That done, we entered one end of the part of town that was closed off for the festival. The first thing we came across, was a children's dance class where the dancers were of varying ages and doing traditional Mexican dances if full historic costumes. It was a fun show to watch a bit.
Strolling down the walk, What we saw, was a lot of booths side by side, each one belonging to a different tamale kitchen. The people in them were pulling tamales out of warmers, and serving up to the customers. There was a couple of booths that gave information and directions. They took your money for a packet of coupons. Every tamale being sold cost two tickets and you could buy any number of tickets with a discount for a packet of 10 or twenty. This kept the sellers from having to deal with money.
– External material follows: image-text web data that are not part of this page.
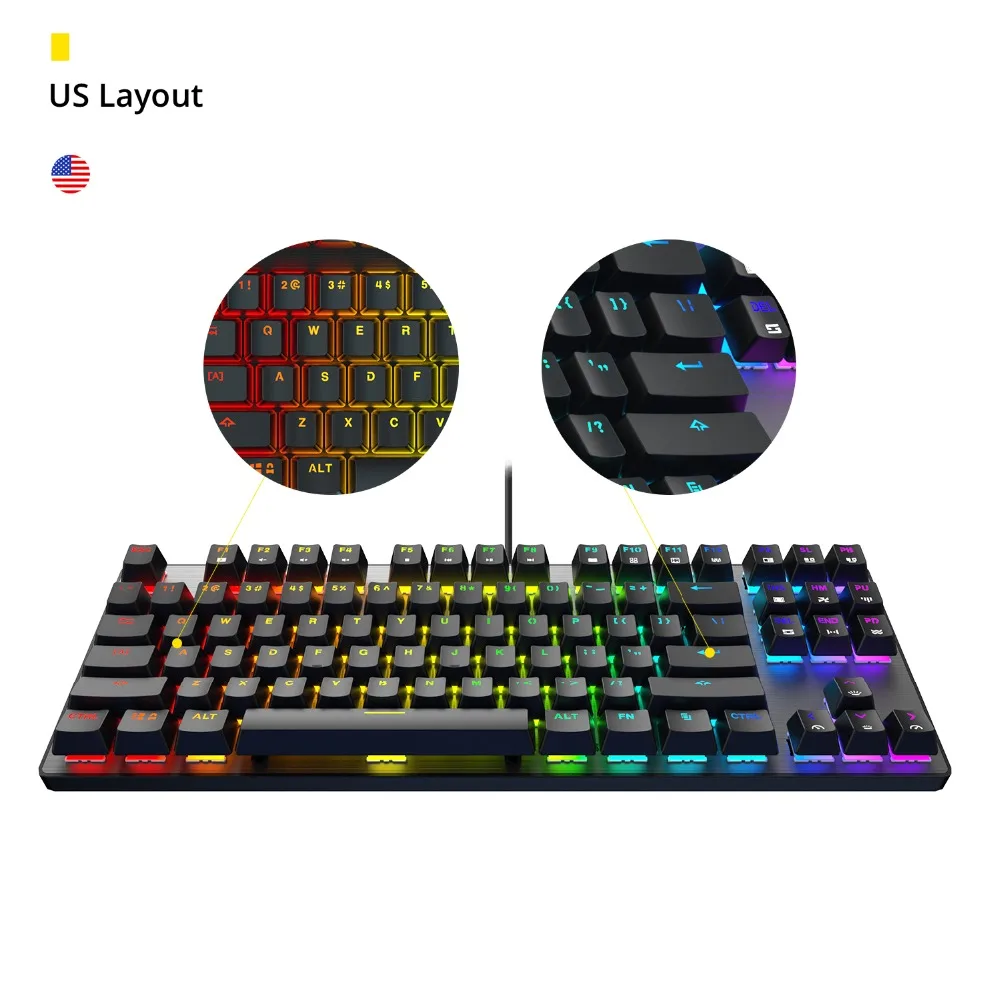 DREVO Tyrfing V2 87Key RGB Подсветка Игры Механическая клавиатура компактная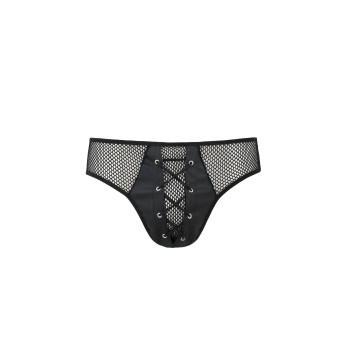 Чоловічі труси зі шнурівкою Passion 035 SLIP RICHARD L/XL Black, екошкіра, сітка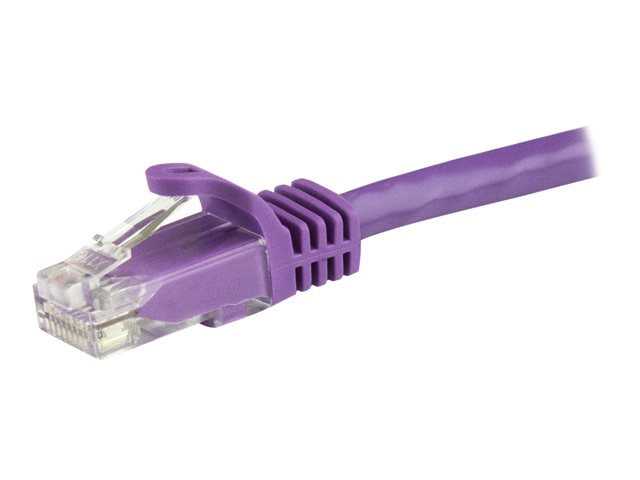 StarTech.com 15m CAT6 Ethernet Cable, 10 Gigabit Snagless RJ45 650MHz 100W PoE Patch Cord, CAT 6 10GbE UTP Network Cable w/Strain Relief, Purple, Fluke Tested/Wiring is UL Certified/TIA - Category 6 - 24AWG (N6PATC15MPL) - Patch cable - RJ-45 (M) to RJ-45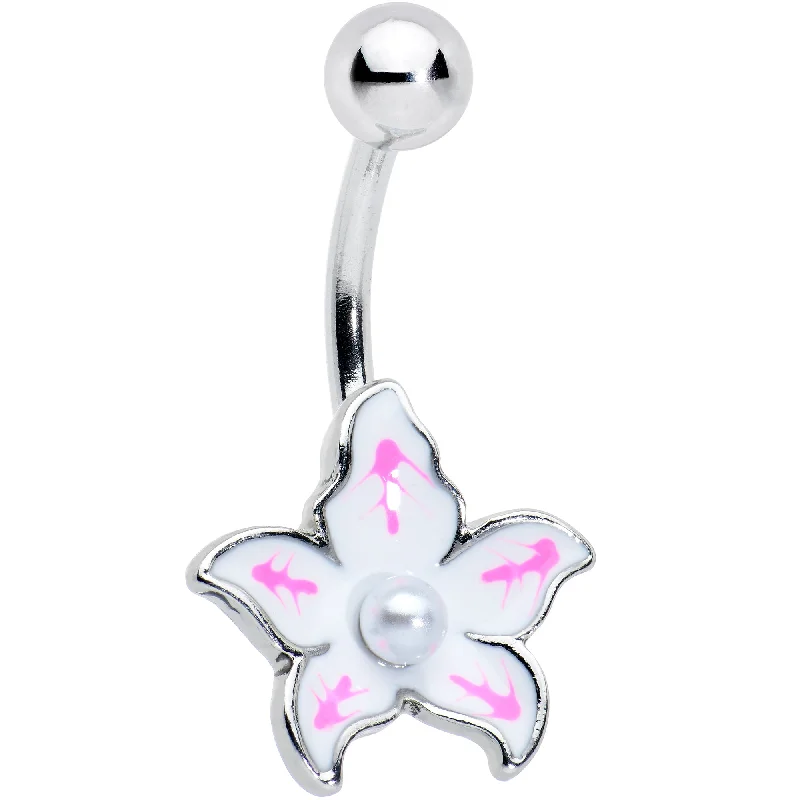 Beautiful Belly Rings with Shiny Stones -White Pearlescent Center Pink White Flower Belly Ring Beautiful Belly Rings with Shiny Stones -White Pearlescent Center Pink White Flower Belly Ring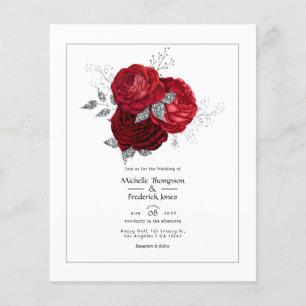 Red and Silver Floral Wedding Flyer
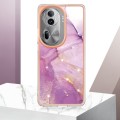 For OPPO Reno11 Pro 5G Global Electroplating Marble Dual-side IMD Phone Case(Purple 001)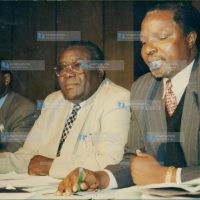 Mr. Francis Ng'ang'a, (right) acting secretary-general since the death of long-serving Mr. Ambrose Adeya Adongo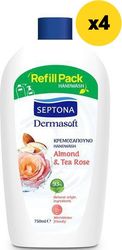 SEPTONA SEPTONA DERMASOFT ΚΡΕΜΟΣΑΠΟΥΝΟ ALMOND &amp; TEA ROSE 750ML Χ4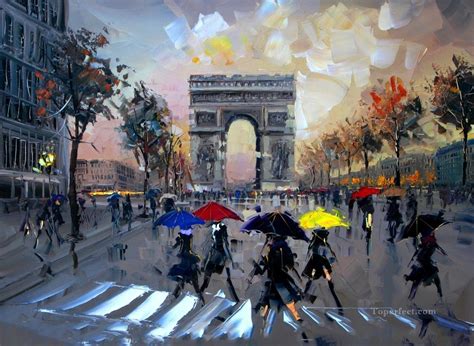 Kg Paris 20 With Palette Knife Painting In Oil For Sale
There were more varieties of tamale than I could imagine. Veggie, pork, beef, lamb, chicken, seafood, and then, pineapple, strawberry and many others. There is a basic contest between the vendors for the best tamales. A cheat sheet told you which vendors had what to offer, and the nice people at the front booth told us who were the winners from the previous year.
I'm not a big tamale person. I don't care for the corn meal casing. That said, I had quite a few different tamales, and though it wasn't the best food adventure ever, I did enjoy them all.
We met our other friends and walked around and saw what there was to see. On the opposite end from where we came in, they had a stage with a local band playing some rocking country music.
On our way out, we watched the kids dancing again and then started the long drive home. I would love to do this sort of thing again.